Information supplied:
+---+

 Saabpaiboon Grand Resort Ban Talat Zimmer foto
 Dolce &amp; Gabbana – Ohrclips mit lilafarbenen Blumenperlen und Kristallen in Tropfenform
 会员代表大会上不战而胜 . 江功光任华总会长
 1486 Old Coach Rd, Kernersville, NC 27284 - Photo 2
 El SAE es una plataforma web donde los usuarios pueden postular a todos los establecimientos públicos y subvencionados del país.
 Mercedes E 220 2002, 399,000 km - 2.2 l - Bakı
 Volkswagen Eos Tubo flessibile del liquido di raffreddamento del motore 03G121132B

+---+

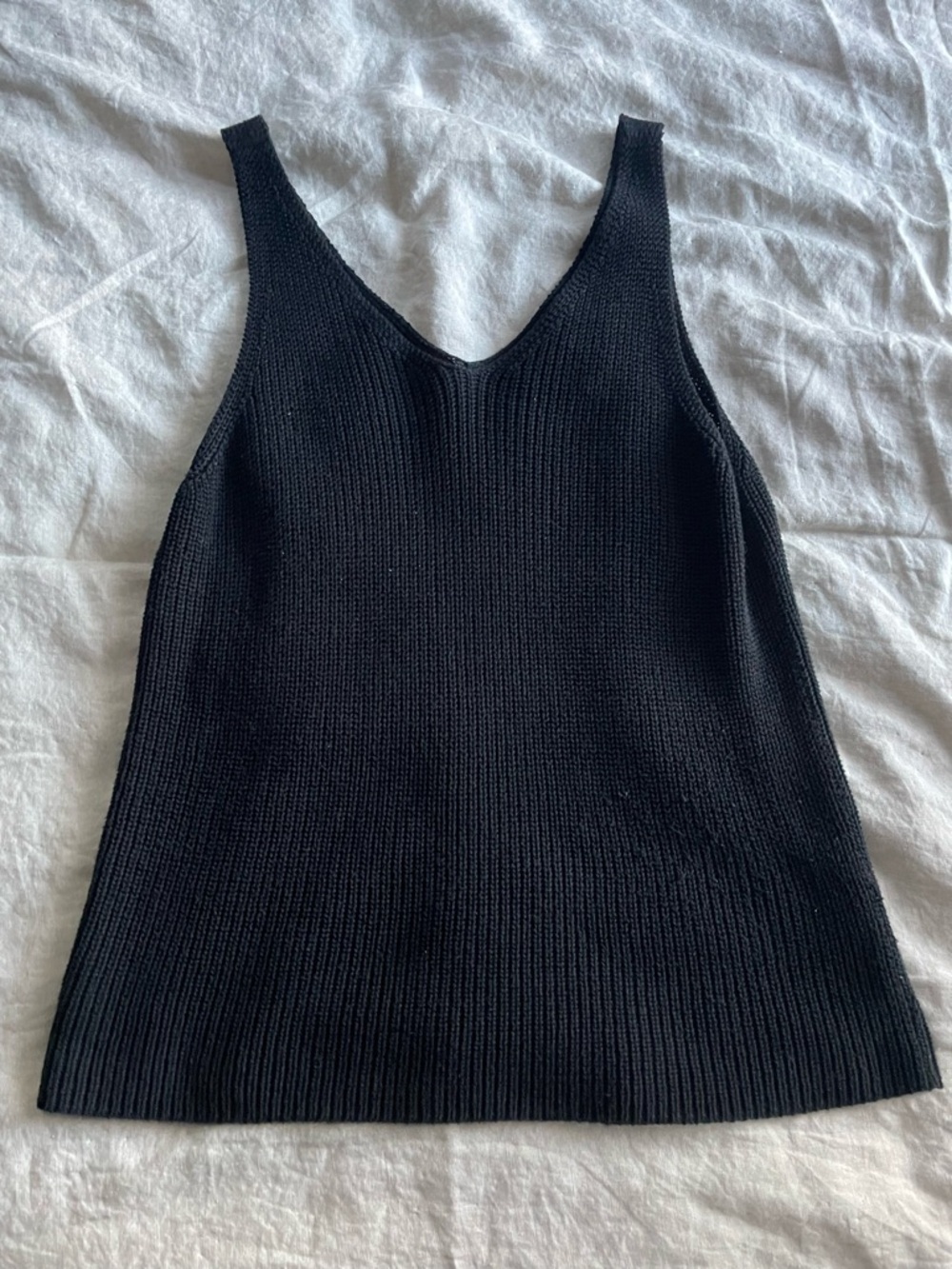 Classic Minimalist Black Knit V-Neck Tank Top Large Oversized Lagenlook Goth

+---+

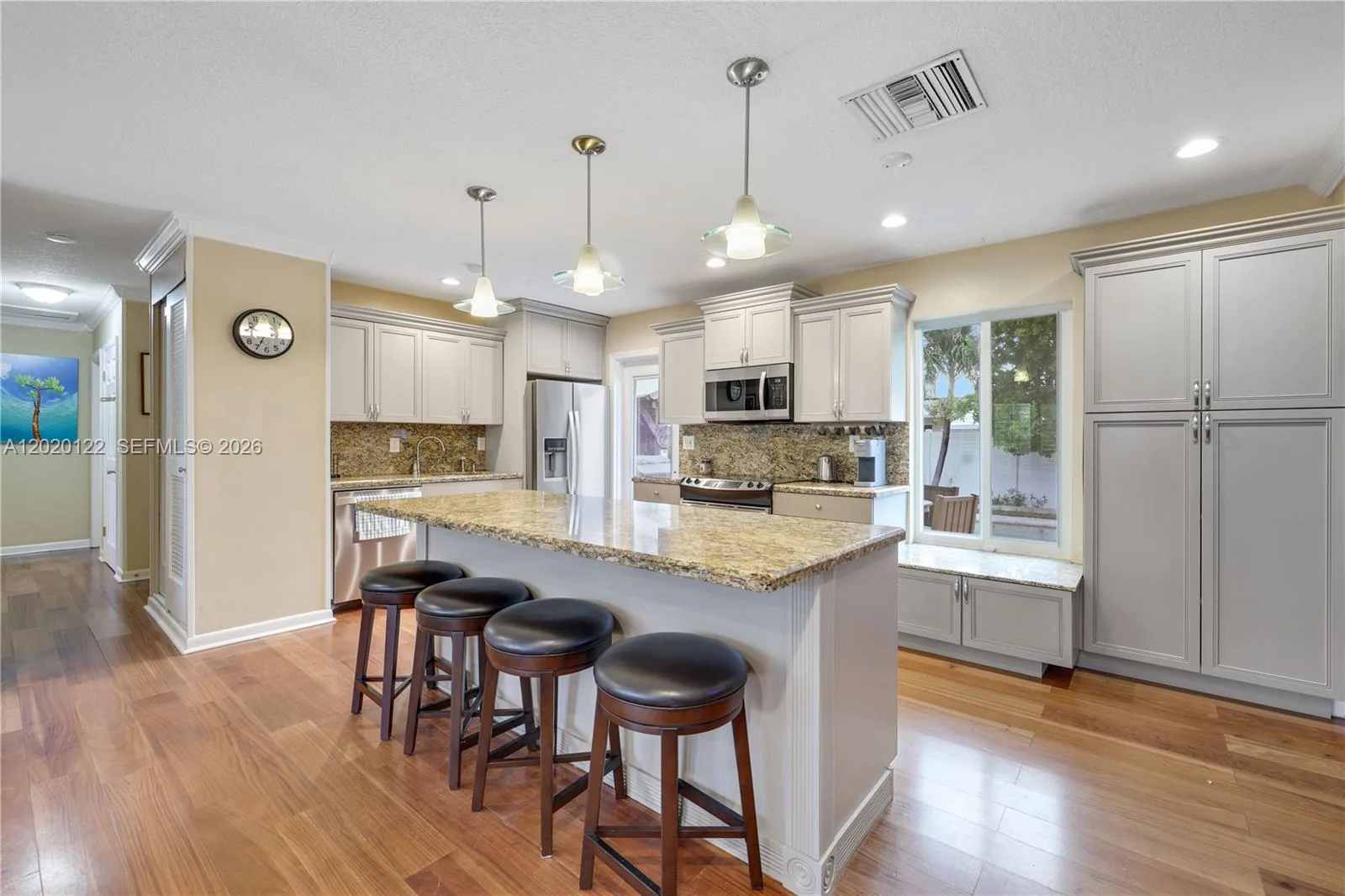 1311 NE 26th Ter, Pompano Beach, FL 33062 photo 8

+---+

Assignment: What you give back should be exactly the lines of the data above from the line with "Saabpaiboon Grand Resort" through the line with "Volkswagen Eos Tubo", both of those included, and nothing more.

Output for this exercise:
 Saabpaiboon Grand Resort Ban Talat Zimmer foto
 Dolce &amp; Gabbana – Ohrclips mit lilafarbenen Blumenperlen und Kristallen in Tropfenform
 会员代表大会上不战而胜 . 江功光任华总会长
 1486 Old Coach Rd, Kernersville, NC 27284 - Photo 2
 El SAE es una plataforma web donde los usuarios pueden postular a todos los establecimientos públicos y subvencionados del país.
 Mercedes E 220 2002, 399,000 km - 2.2 l - Bakı
 Volkswagen Eos Tubo flessibile del liquido di raffreddamento del motore 03G121132B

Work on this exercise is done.